FAA chief seeks to move industry out of ‘dire straits’


FAA chief seeks to move industry out of ‘dire straits’

Blakey to face many challenges during tenure

By LESLIE MILLER Associated Press

Saturday, September 14, 2002

Washington — A line from an old Shirelles song is how Marion Blakey sums up the challenges she’ll face when she takes charge of the Federal Aviation Administration next week.

Speaking recently to a group of airline pilots, whose safety she fought for as chairman of the National Transportation Safety Board, she warbled, “Will you still love me tomorrow?”

Her friend Joan McEntee said the off-key serenade was typical.

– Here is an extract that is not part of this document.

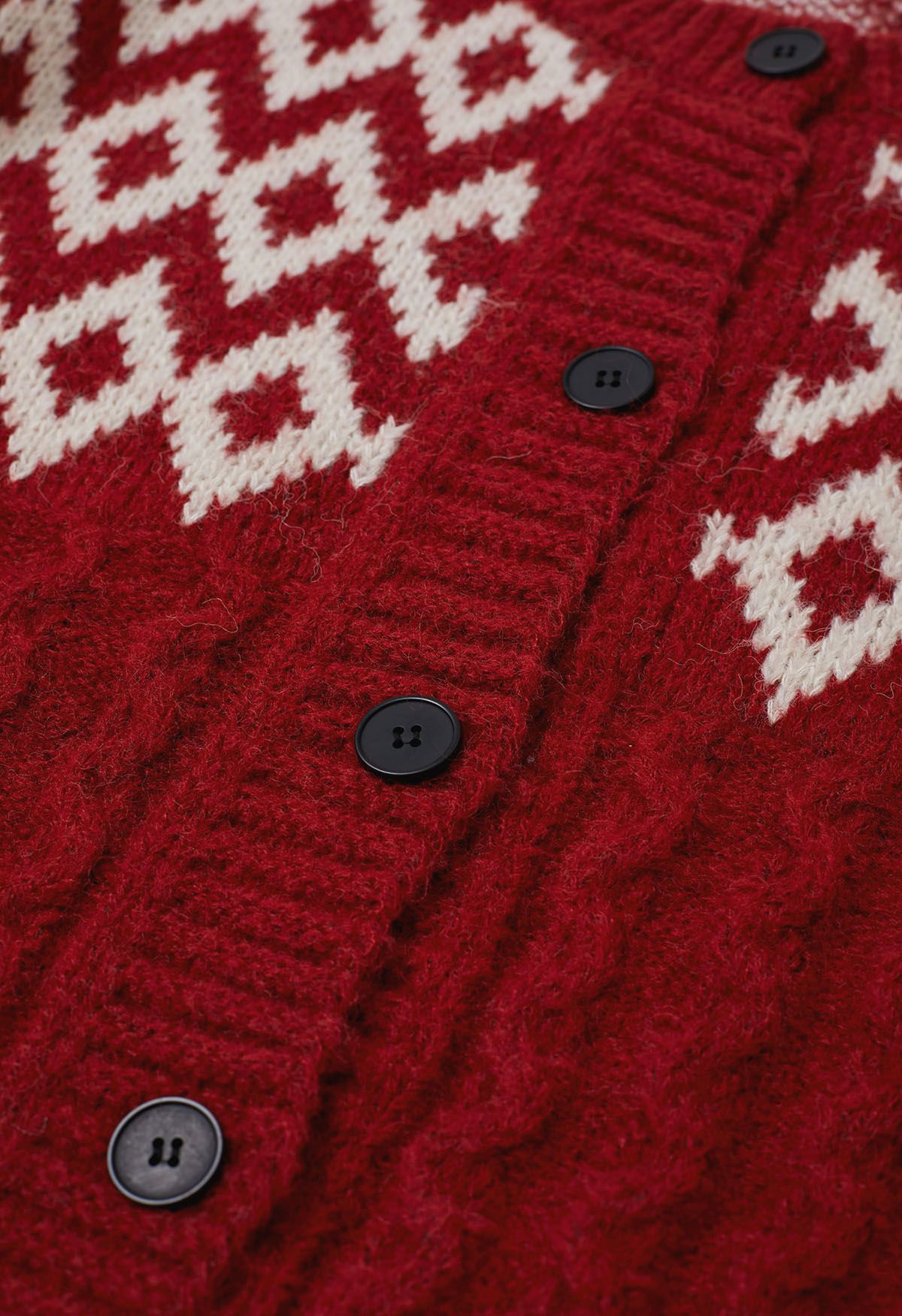 Festlicher geometrischer Cardigan mit Knopfleiste in Rot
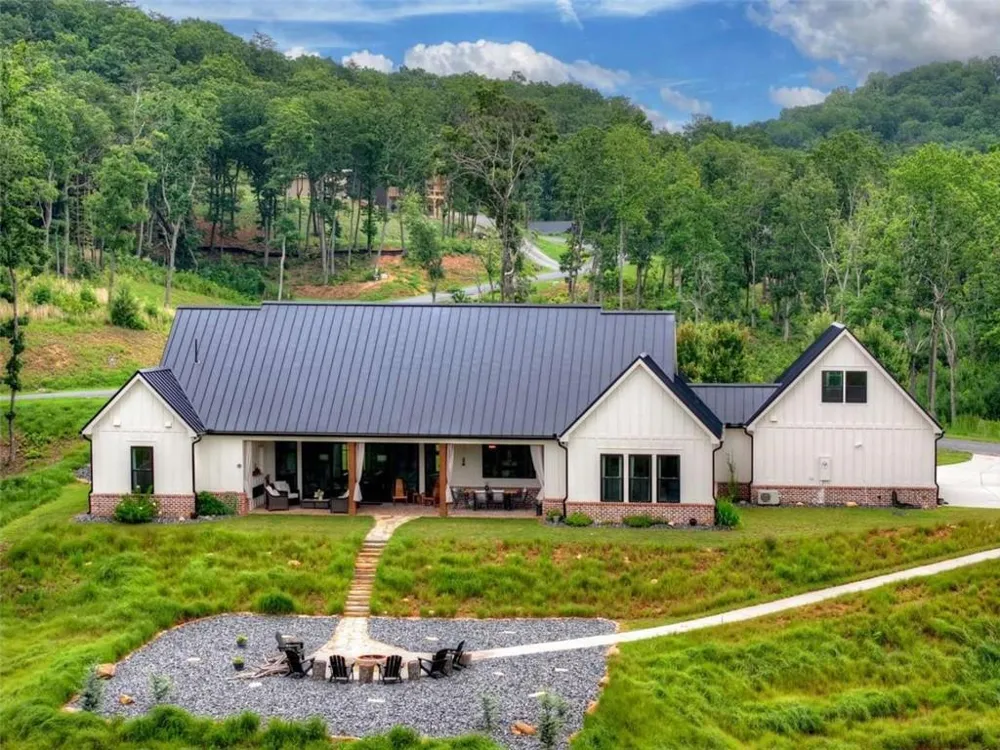 624 High Summit Drive Talking Rock, GA 30175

“It was shrewd, it was very disarming, it was very honest, and it was gutsy,” said McEntee, now senior international partner at the Baker, Donaldson law firm.

Blakey, 54, took over the NTSB 15 days after the Sept. 11 attacks. She was nominated by President Bush in July to take on the bigger job of running the nation’s aviation system at the FAA, which she has criticized as slow to act on her recommendations to make airplanes safer.

Starting Monday, Blakey will manage 100 times as many people and 21 times as much money than she did at the 450-person, $68 million safety board.

She will oversee airport expansion, FAA labor negotiations, air traffic control system modernization and the retirement of as many as 5,000 controllers in four years. Airlines are reeling from financial losses as they work to better guard against terrorist attacks.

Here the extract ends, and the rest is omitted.